Could the lines from the start of the data through the line with "In an article" be set down exactly, with no pictures among them?

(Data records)
*** Block opens ***

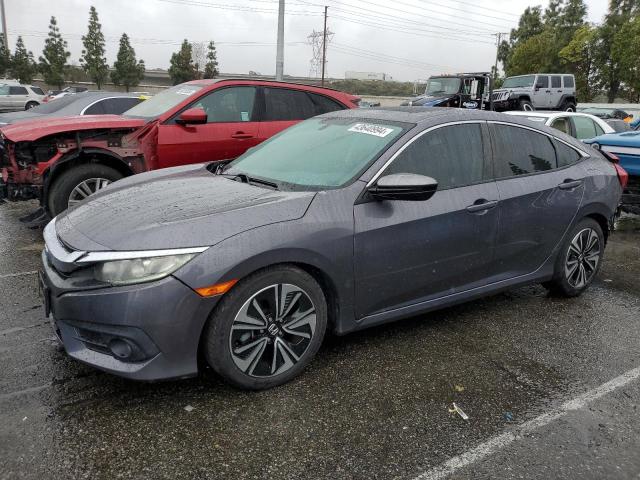 Obraz 1 z 2016 HONDA CIVIC EX 2016 z VIN 2HGFC1F39GH647142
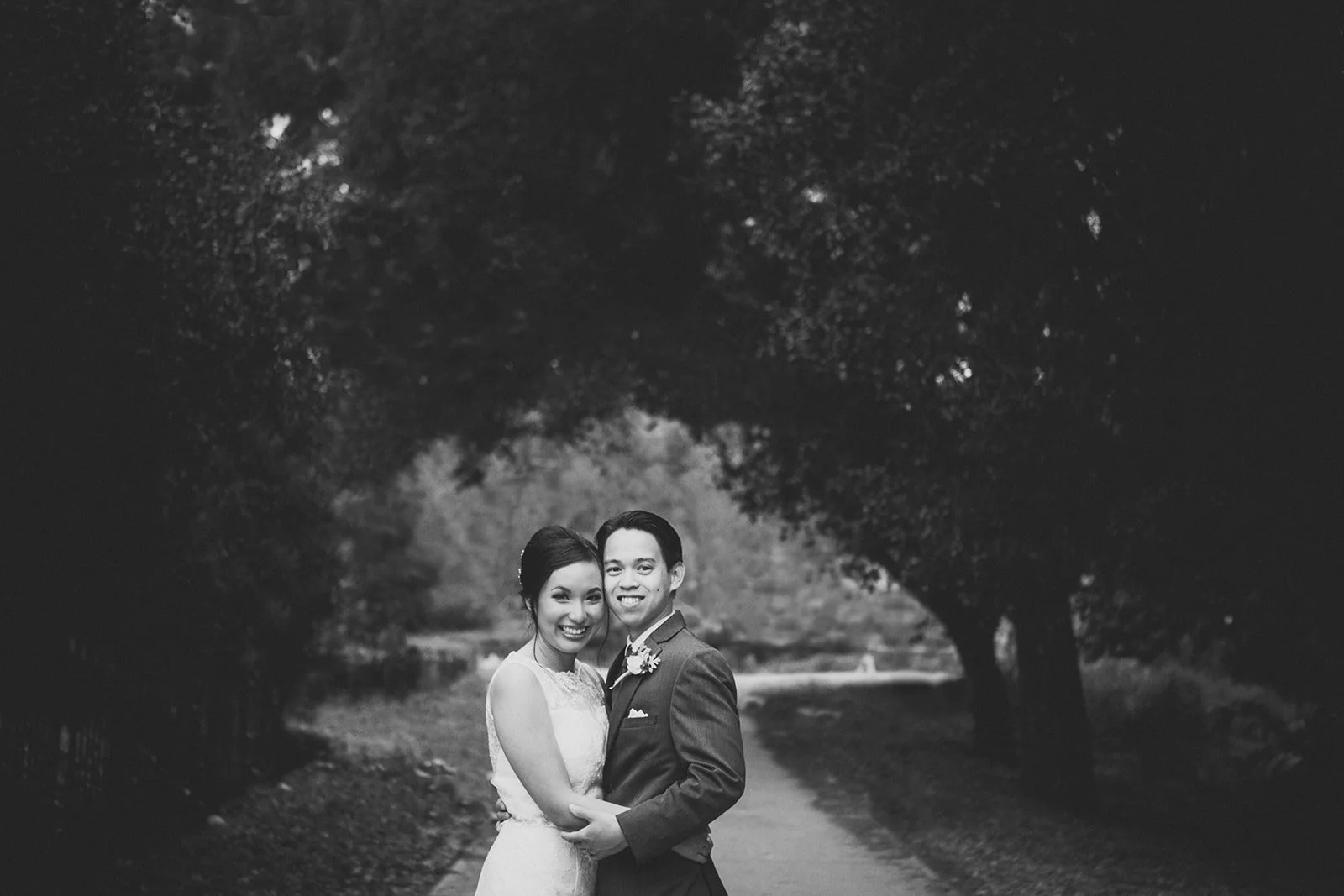 Balboa Park wedding photography, couple embraces under a tree.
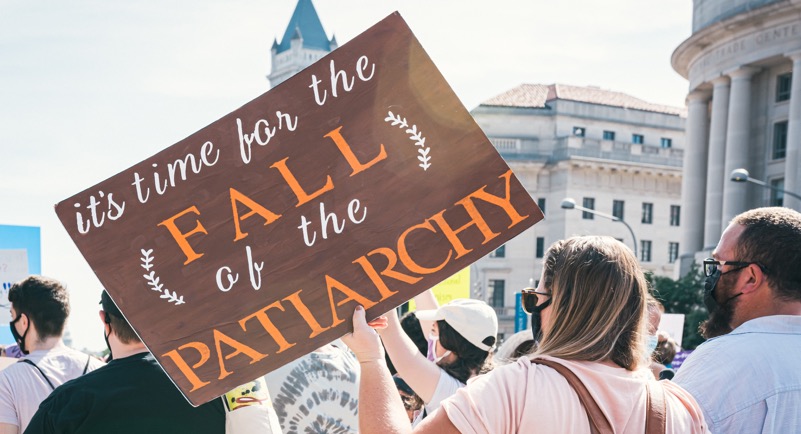 In an article about patriarchy, this is a photo of a crowd marching with a sign that says, "it's time for the fall of the patriarchy."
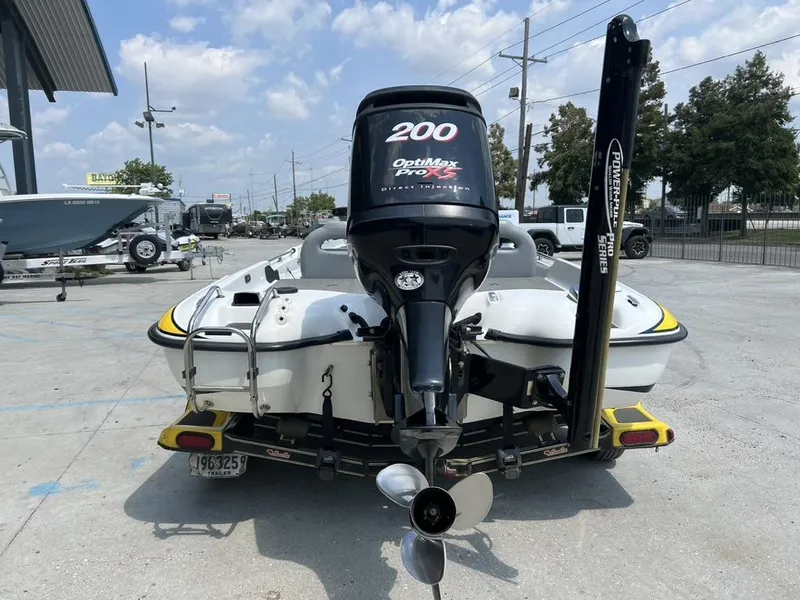 Slide: The Image of 2010 Bass Cat Pantera IV boat with OptiMax Pro XS engine, parked outdoors. - 14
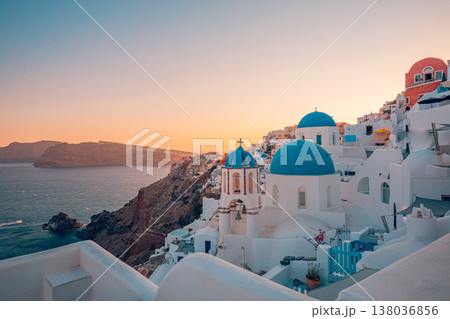 Oia Santorini Greece sunset panorama, iconic blue domes, dreamy clouds, summer vacation, romantic European travel scene 138036856
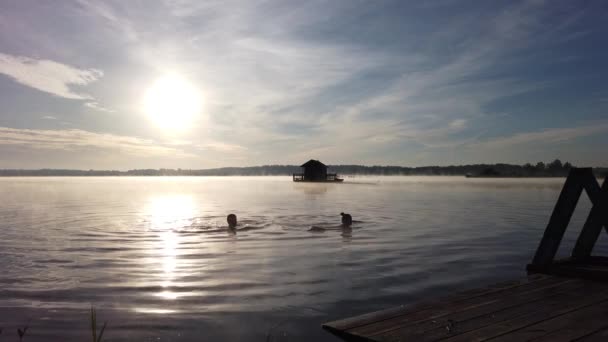日出和晨雾时在湖中洗澡的年轻人 — 图库视频影像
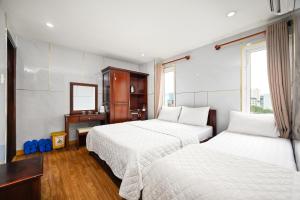 a hotel room with two beds and a mirror at Gia Hoa Airport Hotel in Ho Chi Minh City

*** Block closes ***

* Response for this exercise
 Obraz 1 z 2016 HONDA CIVIC EX 2016 z VIN 2HGFC1F39GH647142
 Balboa Park wedding photography, couple embraces under a tree.
 In an article about patriarchy, this is a photo of a crowd marching with a sign that says, "it's time for the fall of the patriarchy."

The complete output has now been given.